Each line of the listing must be transcribed exactly, except for the images, which should be excluded.

_Dataset content_

★ ★ ★ ★

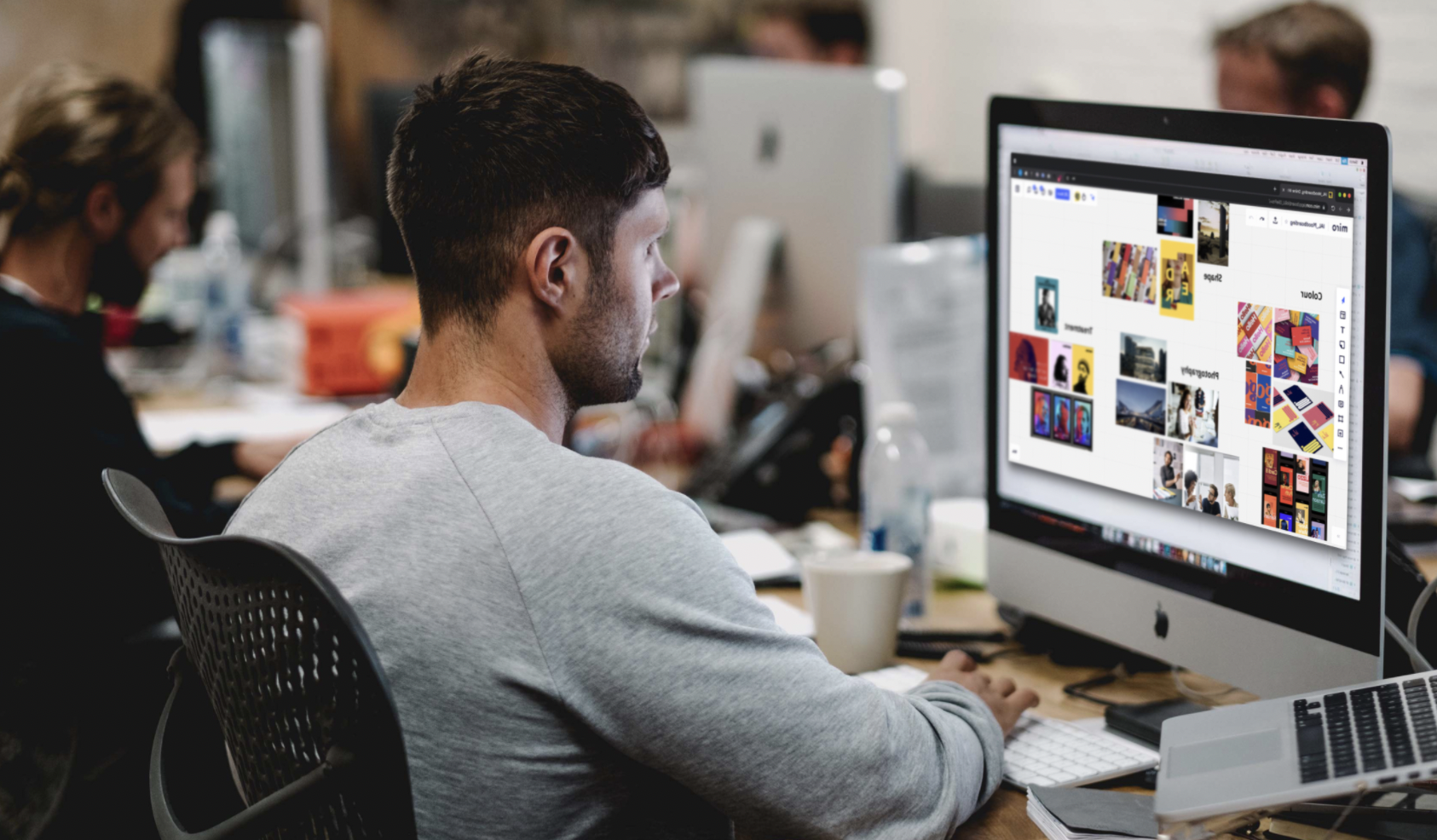 Man sitting at desktop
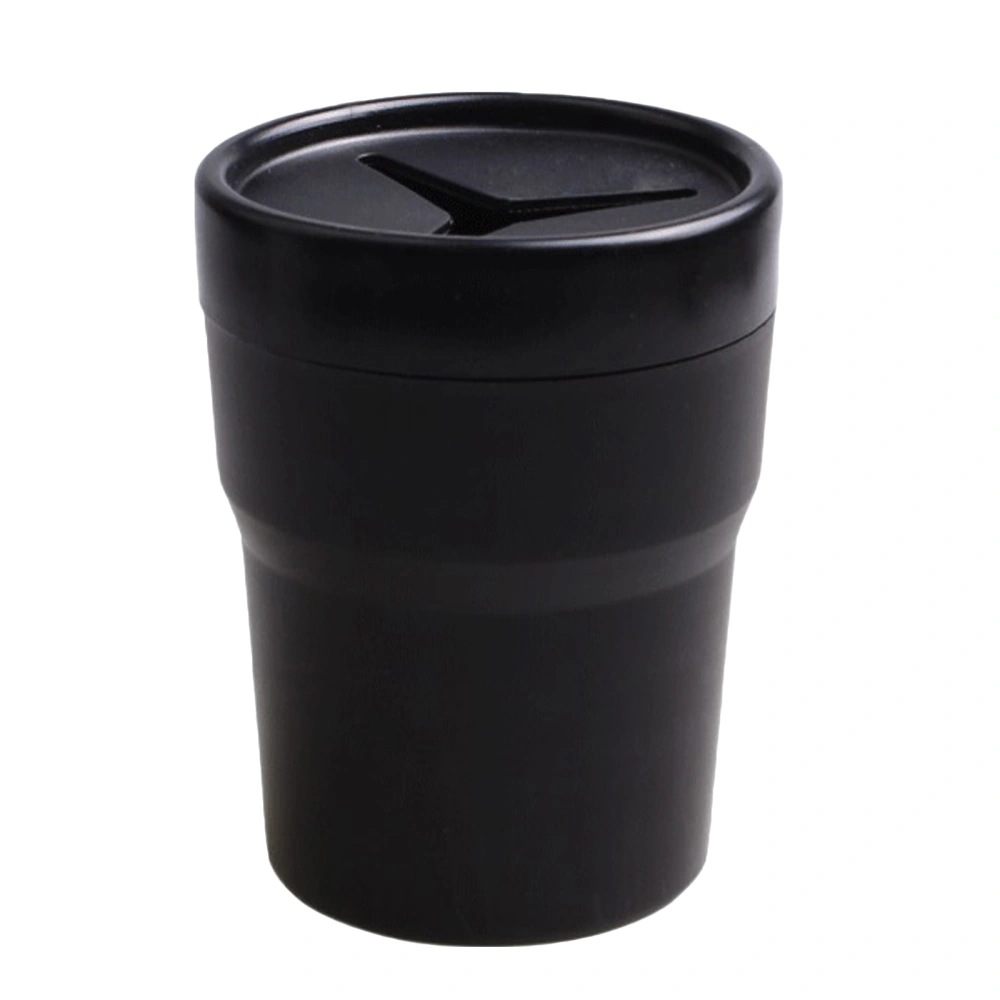 Car Trash Can with Lid Automotive Cup Holder Rubbish Storage Bin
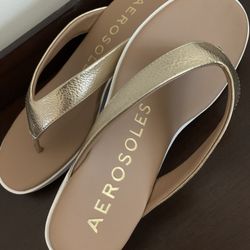  ❤️  New Aerosols Wedge Sandals, Leather Sandals Size 8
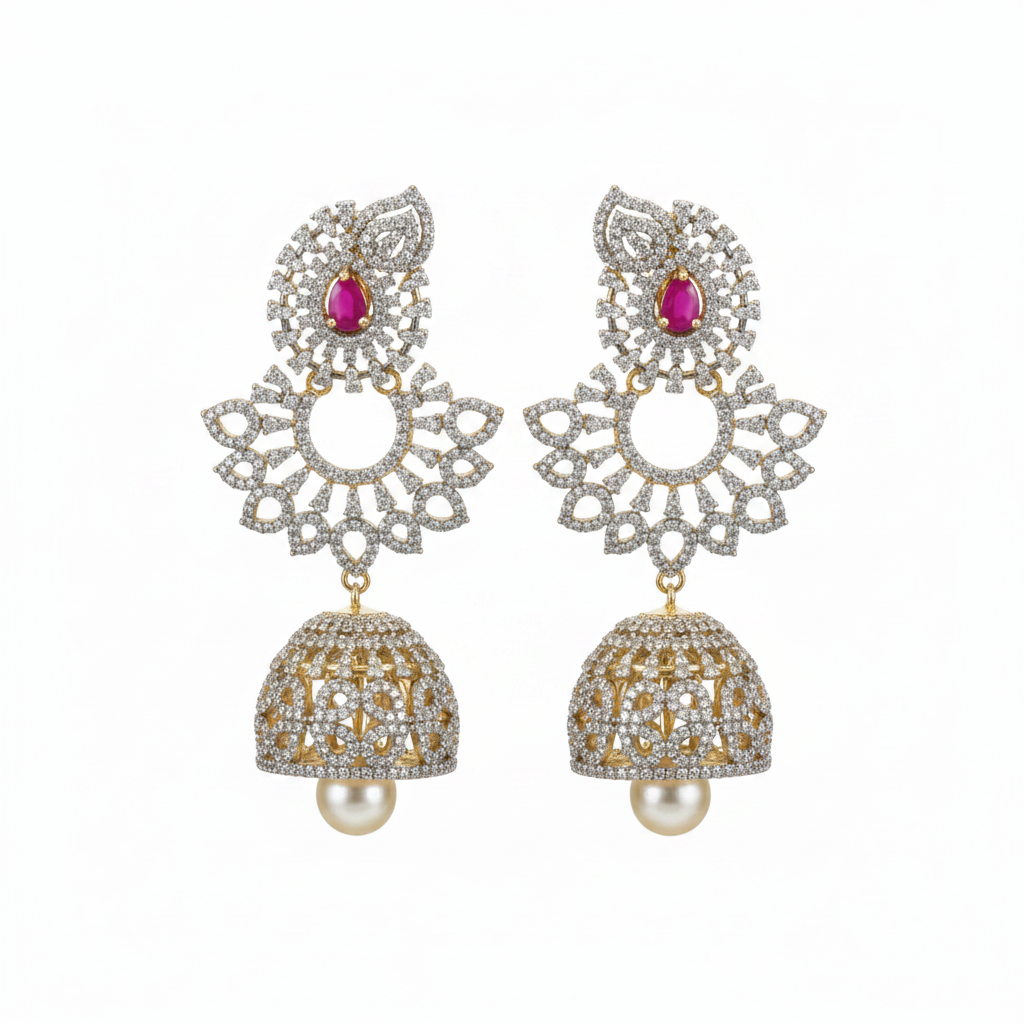 White background - Ruby Pink Chandbali Jhumka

★ ★ ★ ★

_Finished exercise_
 Man sitting at desktop
 Car Trash Can with Lid Automotive Cup Holder Rubbish Storage Bin
  ❤️  New Aerosols Wedge Sandals, Leather Sandals Size 8
 White background - Ruby Pink Chandbali Jhumka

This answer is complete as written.